Aradia is a complicated, complex book even as to how it should be categorized. It is somewhat unique, falling midway between a witch’s Book of Shadows and a medieval grimoire. Whoever did compose the book was familiar with both those magical literary genres. However, the book identifies itself as a vangelo or a gospel; Aradia or The Gospel of the Witches consciously intends to serve as a testament to Diana in the manner that the New Testament gospels serve as a testament to Christ.

Aradia or The Gospel of the Witches explicitly states that devotion to the Madonna, particularly when she is visualized with the crescent moon, masks forbidden devotions to Diana.

In the context of medieval grimoires, Aradia or The Gospel of the Witches is radical because the focus is on powerful female deities (and Diana is clearly a goddess, not a demon) and because most of it is clearly intended for use primarily by women. There is no pretense toward containing hidden teachings from ancient Egypt or secret writings authored by prophets, kings or popes. Instead this is a text of witchcraft ostensibly created by witches for other witches, and humble ones at that. Simple if potentially powerful folk magic spells, the “Conjuration of the Lemon and Pins” for instance, are included that, one imagines, would have bored Dr Faust-style magicians with loftier pretensions.

However, Aradia is more than just a collection of folk magic and ritual. The book includes Leland’s personal definitions of witches and witchcraft:

…in Italy great numbers of strege, fortunetellers or witches, who divine by cards, perform strange ceremonies in which spirits are supposed to be invoked, make and sell amulets, and, in fact, comport themselves generally as their reputed kind are wont to do, be they Black Voodoos in America or sorceresses anywhere.

Leland understands Italian witchcraft (stregheria) to be the joint product of hereditary witches and those who over the centuries, for one reason or another, joined forces with those witches: “the witches of old were people oppressed by feudal lands [sic] …holding orgies to Diana which the Church represented as being the worship of Satan,” as well as a “vast development of rebels, outcasts, and all the discontented, who adopted witchcraft or sorcery for a religion” who held “secret meetings in desert places, among old ruins accursed by priests as the haunt of evil spirits or ancient heathen gods, or in the mountains.”

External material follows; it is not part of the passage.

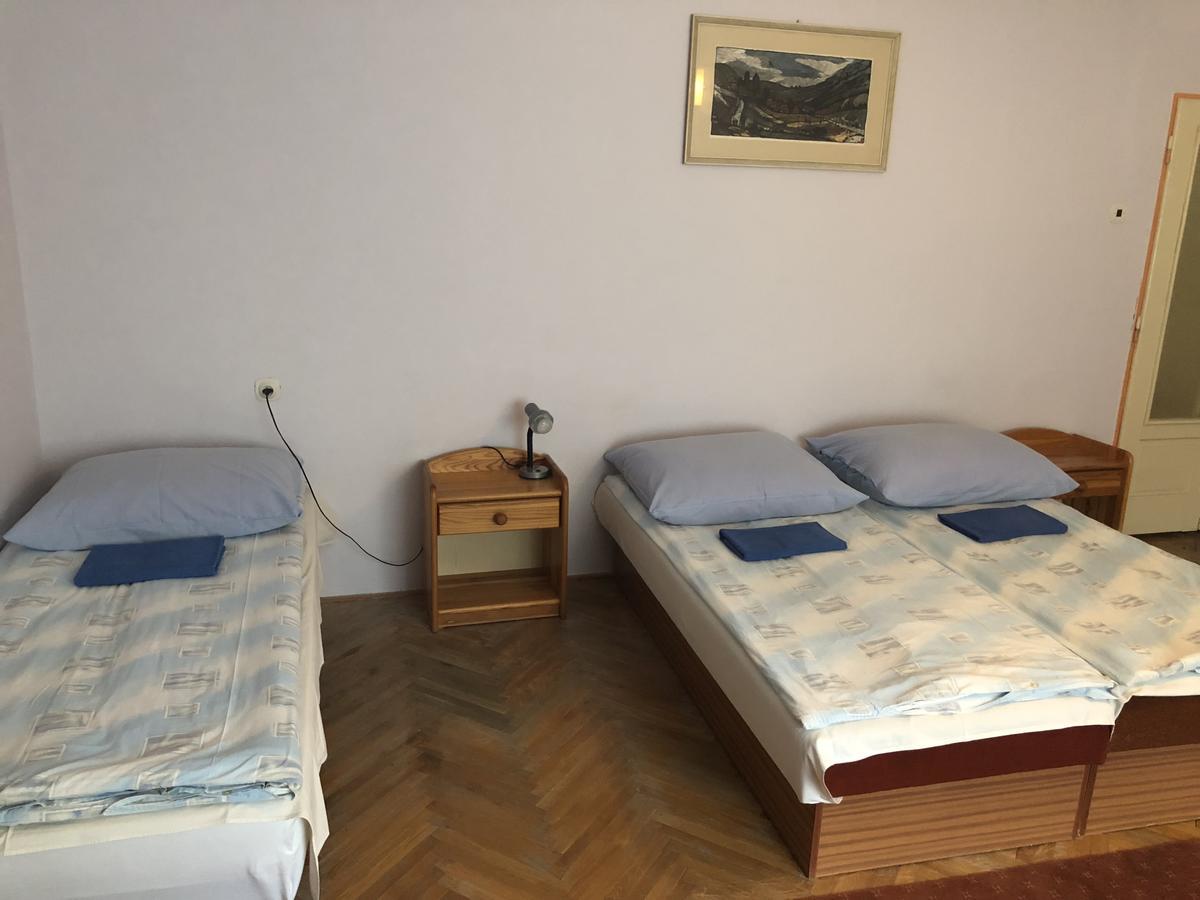 Eko Penzion Leo Dudince Exteriör bild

In Aradia or The Gospel of the Witches, Diana is described as the first of all spiritual entities. Reminiscent of the Pelasgian creation tale retold in ANIMALS: Snakes, Diana first begets Lucifer (who may or may not be that Lucifer). Vain, proud, and arrogant, Lucifer rejects Diana’s advances but she outsmarts him by resorting to witchcraft, shape-shifting into the form of a black cat, and so is able to conceive their daughter Aradia (Herodias), identified as the female Messiah, the first true witch.

Aradia contains no demonology comparable to medieval grimoires; the deities are treated respectfully. Aradia contains no commanding and compelling rituals equivalent to medieval grimoires but does share some themes in common with standard sorcerers’ grimoires—most jarringly (to modern ears and in a book largely devoted to women’s magic) a spell intended for use by a wizard desiring the love of woman.

He is encouraged to transform her into a dog, Diana’s sacred creature, in which form she will be compelled to come to him whenever he wishes. He can then transform her back into female shape and have his way with her. She will remember nothing of the experience, it will seem like a dream. This is essentially the wizard’s equivalent of a magical date-rape drug.

The image of women transformed into dogs is very powerful, however. Diana’s votive imagery almost always depicts her accompanied by hounds; the implication contained in Aradia is that these hounds are transformed devotees, witches accompanying their goddess in disguise, and recalls that the slur “son of a bitch” was once intended to insinuate that a man’s mother was a witch and hence sexually autonomous (or promiscuous depending upon perception), and that his father’s true identity might thus be suspect.